2. The brief facts of the case, as alleged by the Prosecution are that, one Ms. Sonia was married to Praveen Kumar on 11.05.2005 after marriage the respondents (in-laws of the deceased) in furtherance of their common intention had subjected her to cruelty and harassed her
Crl.L.P.4/2011 Page 1 for not bringing sufficient dowry. It is the case of the prosecution that on 15.04.2007, all the respondents in furtherance of their common intention had murdered Ms. Sonia by pouring kerosene oil on her after which they had set her on fire, at about 12:00 noon at her matrimonial house, which resulted in her death on 21/04/2007.
3. The matter was reported to police officials by the Constable on duty in the hospital after Ms. Sonia was admitted in a burnt condition whereupon investigation commenced, during which the sub-divisional magistrate had also recorded the statement of Ms. Sonia on 16.04.2007 and the case was registered against the accused persons. The Trial Court acquitted the accused of the charges leveled against them under Sections 302/498A/120B/304B/34 IPC concluding that the prosecution failed to bring home their guilt regarding the alleged harassment; and the causing of the death of the deceased.

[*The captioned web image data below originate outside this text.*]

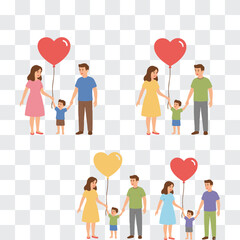 Valentine&rsquo;s Day Family Silhouette with Heart Balloon in Minimal Vector Style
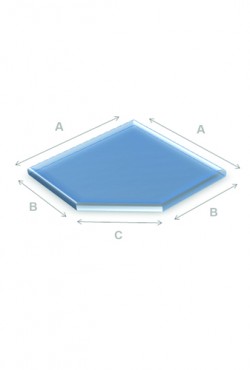 Vloerplaat schuine kant 90 x 90 cm 6 mm helder glas
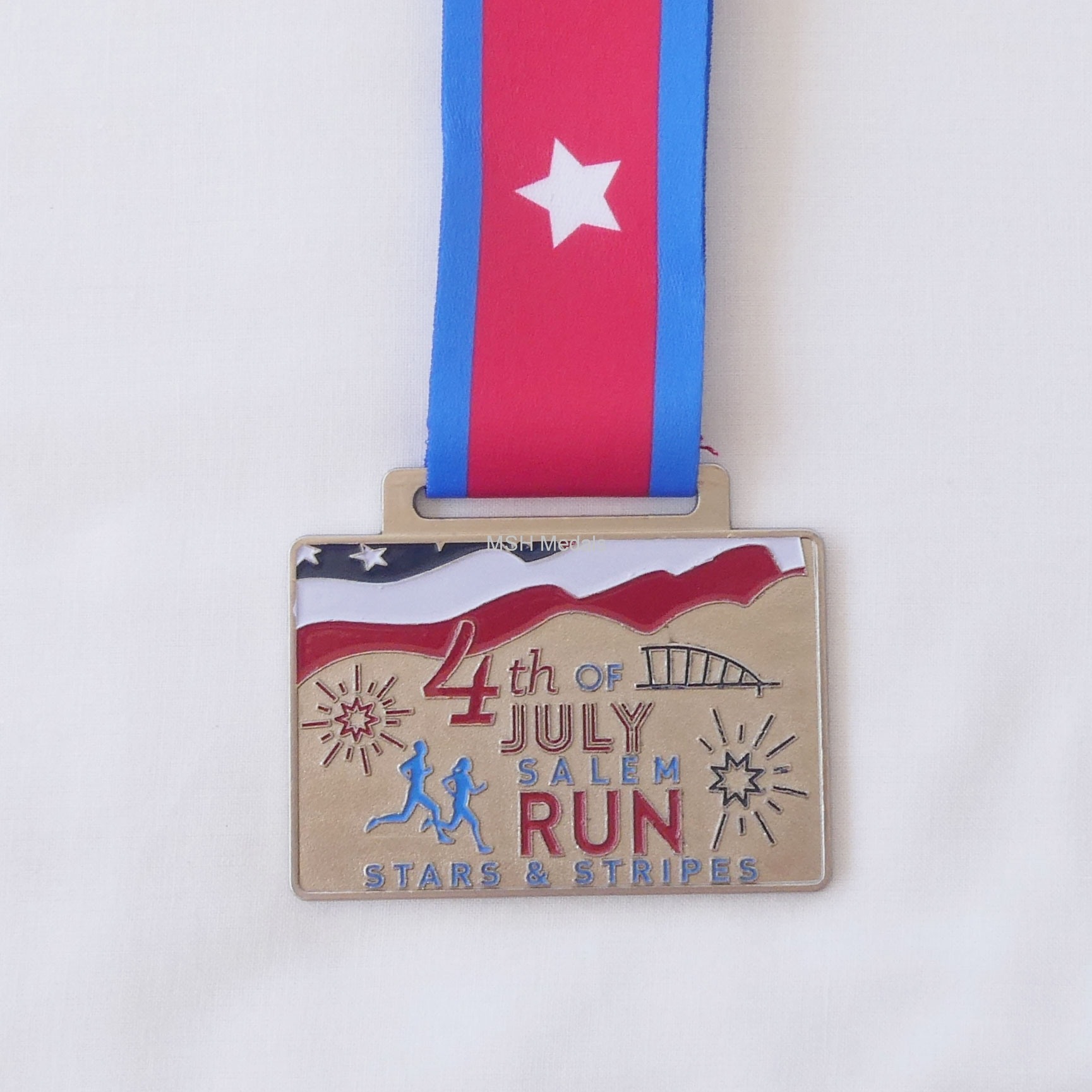 independence day run patriotic theme medal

4. It is contended by Mr. Jaideep Malik, the Learned Additional Public Prosecutor, that leave has to be granted to appeal against the impugned judgment on the following grounds:
(a). That the Trial Court failed to appreciate the evidence deposed by PW1, PW 13 and PW19, who had specifically pointed out that the deceased had suffered 90-95% burns at the time she was hospitalized and her death was caused due to the said burns.

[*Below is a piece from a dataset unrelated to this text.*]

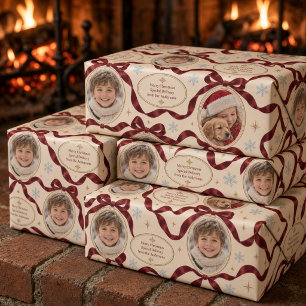 Papel De Regalo Marco de cinta vintage con fotos en colage con laz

(b) The impugned judgment over looked the deposition of PW6- the sub-divisional magistrate. He deposed having recorded the deceased's statement at about 3.05 PM prior to which the doctor had declared her fit to make the statement, and that he himself had satisfied himself that the deceased was capable of making the statement.
(c) The Trial Court misinterpreted the judgments of the Supreme Court in the cases of Smt. Laxmi vs. Om Prakash and Ors. (AIR 2001 SC 2383); Paparambika Rosamma and Others vs. State of Andhra Pradesh (1999 (7) SCC 695); and Uka Ram vs. State of Rajasthan (AIR 2001 SC 1814).Since these judgments have been misinterpreted the findings that the deceased was not in a fit state of mind though she was burnt to 90% is contrary to the facts of the case.
Crl.L.P.4/2011 Page 2
(d) The Court erred in not relying upon the dying declaration since the Supreme Court has ruled that a person can be convicted on the dying declaration as long as it is trustworthy, even if the other witnesses turn hostile.

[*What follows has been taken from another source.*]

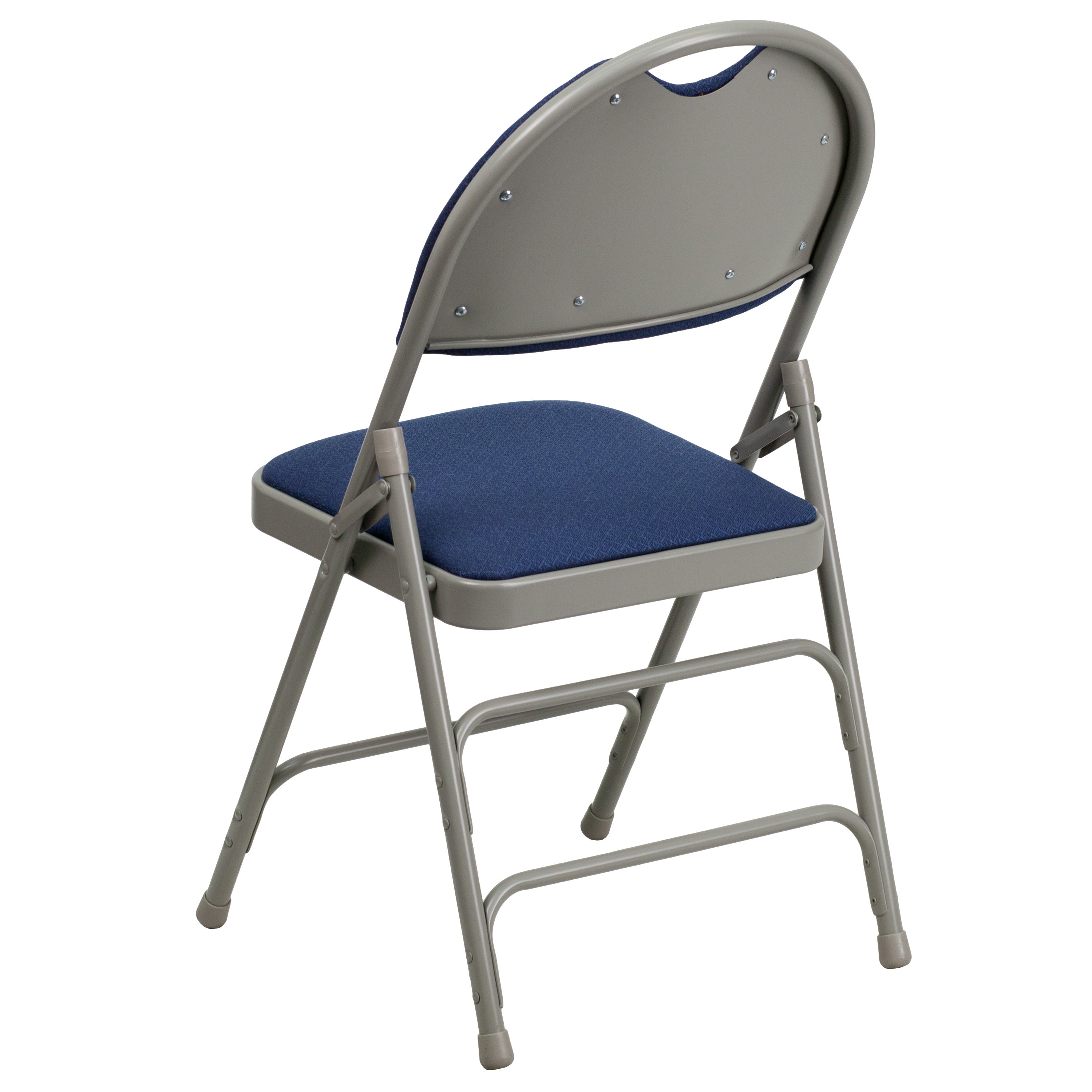 Extra Large Triple-Braced Metal Folding Chair with Carry Handle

(e) The finding in the impugned judgment that there was no certificate of the doctor regarding the state/ condition of the mind of the declarant when the SDM recorded the statement of Ms. Sonia is contrary to the law and the facts of the case.
5. This court has considered the Trial Court's record, which was requisitioned for purposes of this proceeding, and carefully analysed the learned APP's submissions. With regard to the petitioner's contention that the Trial Court failed to appreciate the evidence of witnesses who testified that her death was due to the 90-95% burns, the Trial Court noticed and nowhere denied this fact. The Court acquitted the accused for the reason that there was insufficient evidence showing that the accused persons were responsible for her burns.
6. As regards PW6's testimony (he was the Sub Divisional Magistrate) the Trial court did not rely upon it. The reason was that the dying declaration was not accompanied by a certification of the deceased's fitness to make such a statement, and that despite the fact that she had 90% burns that SDM had not made any efforts to enquire from doctors about her fitness to make such a statement. While we notice that the approach of the Trial Court as to the appreciation of law, particularly the larger Bench decision of the Supreme Court, in Laxman was incorrect, that does not affect its conclusion, having regard to the circumstances in the present case. The Supreme Court had stated that there is no obligation that the dying declaration must necessarily contain a doctor's endorsement to the effect that the patient or injured person is fit and in an oriented state of mind to make a statement; as long as the person recording it, is able to depose about it, and is credible and trustworthy, the dying declaration can be said to have been recorded in the circumstances, in a given case.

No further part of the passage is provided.